Cualquiera que sepa algo de jardinería conoce la importancia del suelo. Si el suelo es pobre, las plantas no crecen; hay que poner tierra buena, con nutrientes, para que las semillas puedan crecer. En la vida espiritual, lo que la Escritura nos dice es que nuestro suelo es el mismo Dios.
San Pablo concreta un poco más esta idea, cuando escribe a los cristianos de Colosas: “Ya que habéis aceptado a Cristo Jesús, el Señor, proceded unidos a él, arraigados y edificados en él” (Col 2,7-8). ¿Qué significa estar “enraizados en Cristo”? Significa que nuestra seguridad, el lugar en que encontramos firmeza y alimento, es Cristo.
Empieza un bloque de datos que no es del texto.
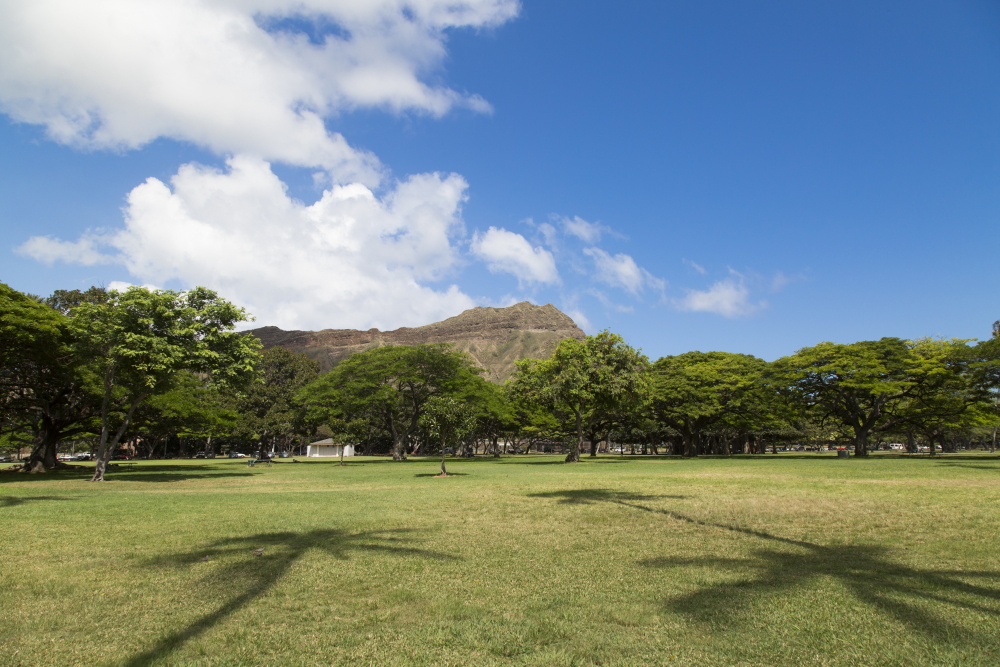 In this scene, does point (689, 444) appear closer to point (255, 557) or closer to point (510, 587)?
point (255, 557)

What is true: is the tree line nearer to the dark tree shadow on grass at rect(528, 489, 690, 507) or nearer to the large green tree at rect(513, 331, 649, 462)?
the large green tree at rect(513, 331, 649, 462)

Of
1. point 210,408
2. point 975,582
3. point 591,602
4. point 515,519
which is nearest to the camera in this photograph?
point 591,602

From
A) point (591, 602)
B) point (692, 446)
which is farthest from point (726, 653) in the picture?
point (692, 446)

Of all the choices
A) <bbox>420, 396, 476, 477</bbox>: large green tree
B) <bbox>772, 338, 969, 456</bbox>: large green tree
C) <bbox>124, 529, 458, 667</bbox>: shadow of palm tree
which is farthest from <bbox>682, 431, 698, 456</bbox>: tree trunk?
<bbox>124, 529, 458, 667</bbox>: shadow of palm tree

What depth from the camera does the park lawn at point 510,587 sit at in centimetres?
429

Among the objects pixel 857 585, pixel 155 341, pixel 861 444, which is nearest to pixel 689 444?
pixel 861 444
Y eso significa que no valoramos nuestra vida por nuestros éxitos ni por nuestros logros; que no valoramos nuestra vida por el impacto que tenemos o por el número de likes que conseguimos en Instagram (o en cualquier red social).
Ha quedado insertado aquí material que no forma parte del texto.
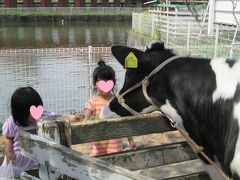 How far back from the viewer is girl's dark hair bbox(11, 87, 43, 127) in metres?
3.56

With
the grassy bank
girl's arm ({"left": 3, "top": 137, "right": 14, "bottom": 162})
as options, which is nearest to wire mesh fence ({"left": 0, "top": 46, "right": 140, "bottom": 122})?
girl's arm ({"left": 3, "top": 137, "right": 14, "bottom": 162})

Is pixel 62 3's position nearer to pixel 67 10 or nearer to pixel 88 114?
pixel 67 10

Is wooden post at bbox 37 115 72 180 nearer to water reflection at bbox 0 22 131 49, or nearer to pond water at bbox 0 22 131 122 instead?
pond water at bbox 0 22 131 122

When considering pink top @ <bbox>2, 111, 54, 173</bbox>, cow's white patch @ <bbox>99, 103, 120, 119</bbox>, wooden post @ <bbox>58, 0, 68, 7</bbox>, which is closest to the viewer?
cow's white patch @ <bbox>99, 103, 120, 119</bbox>

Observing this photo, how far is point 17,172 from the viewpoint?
3.60 metres

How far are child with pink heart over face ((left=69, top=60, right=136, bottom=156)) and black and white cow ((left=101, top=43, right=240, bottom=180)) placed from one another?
1.22 metres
Siempre tendremos la tentación de valorar nuestra vida —o la de las personas que nos rodean— por sus logros, por su brillo… pero entonces no valoraremos la Vida que Dios nos da, sino solo algunos aspectos mundanos de la existencia. Desde esta perspectiva se entiende que Jesús tome precisamente el ejemplo de la mostaza. No sé si existen semillas propiamente grandes, pero en todo caso la que escoge el Hijo de Dios para hablar de su reino es pequeña, a los ojos de los hombres es insignificante —“la más pequeña”. Y sin embargo tiene un valor infinito.
Así es, nuestra vida no vale por algo que se pueda medir externamente. Nuestra vida es valiosa por Cristo, por el amor que Cristo nos tiene. Porque, como experimentó el mismo Apóstol, “mi vida de ahora en la carne, la vivo en la fe del Hijo de Dios, que me amó y se entregó por mí” (Ga 2,20). Esa es la experiencia fundamental de la vida cristiana, y quizá la lectura del Evangelio puede ser una buena ocasión para pedir al Señor que nos conceda vivirla de nuevo. Experimentar en nuestra alma, tomar conciencia de nuevo, de que Cristo “me amó y se entregó por mí” —“por mí”.
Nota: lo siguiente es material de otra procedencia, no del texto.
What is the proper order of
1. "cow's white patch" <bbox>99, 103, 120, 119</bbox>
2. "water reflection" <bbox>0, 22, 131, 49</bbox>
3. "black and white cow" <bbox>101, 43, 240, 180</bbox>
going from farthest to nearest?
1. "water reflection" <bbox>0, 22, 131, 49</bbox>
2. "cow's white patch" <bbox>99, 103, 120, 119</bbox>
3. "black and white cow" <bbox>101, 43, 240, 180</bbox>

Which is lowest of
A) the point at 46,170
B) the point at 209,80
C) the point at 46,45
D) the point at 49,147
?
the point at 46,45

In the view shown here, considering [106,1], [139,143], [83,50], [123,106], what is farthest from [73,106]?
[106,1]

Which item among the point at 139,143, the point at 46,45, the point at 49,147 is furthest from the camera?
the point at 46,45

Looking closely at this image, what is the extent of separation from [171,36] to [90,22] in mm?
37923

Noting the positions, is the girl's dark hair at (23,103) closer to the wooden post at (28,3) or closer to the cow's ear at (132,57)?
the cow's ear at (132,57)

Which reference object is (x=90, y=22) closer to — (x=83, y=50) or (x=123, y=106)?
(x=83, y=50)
Ciertamente, esta no es una experiencia que nos lleve a no hacer nada, a una especie de quietismo, ni es tampoco algo que nos lleve a encerrarnos en nosotros mismos. De hecho, una reacción de ese tipo sería ya una señal de que no está creciendo en nosotros el reino de Dios.
Se ve muy claro en la segunda condición que plantea el Señor en la parábola. La semilla que planta Dios —“la más pequeña”— está llamada a convertirse en un árbol que “echa ramas tan grandes que los pájaros del cielo pueden anidar a su sombra” (Mc 4,32). Así pues, la vida espiritual que recibimos de Dios está fundada en el Amor —en el Amor que llevó a Cristo hasta la Cruz— y crece según ese mismo Amor. Ese es el signo más claro de la auténtica vida espiritual.
El apóstol san Juan lo escribía a una de las primeras comunidades cristianas: “Quien dice que está en la luz y aborrece a su hermano está aún en las tinieblas. Quien ama a su hermano permanece en la luz y no tropieza” (1Jn 2,9-10). La Vida que Cristo nos da, la semilla que planta en nuestro corazón, florece en la caridad.
Así pues, la Vida cristiana consiste en recibir el Amor de Dios, y en convertir nuestra vida entera en Amor a los demás. Imaginemos lo que sería una sociedad llena de corazones que fueran un lugar de acogida, de afirmación, para los demás. Sería un florecimiento de Amor en todas partes. Si abrimos nuestro corazón al Señor, si dejamos que nos trasplante y ponemos nuestras raíces en el Amor que Dios nos tiene, ese mismo Amor florecerá en nuestra vida, y entre todos construiremos, como nos proponía san Juan Pablo II, la civilización del Amor.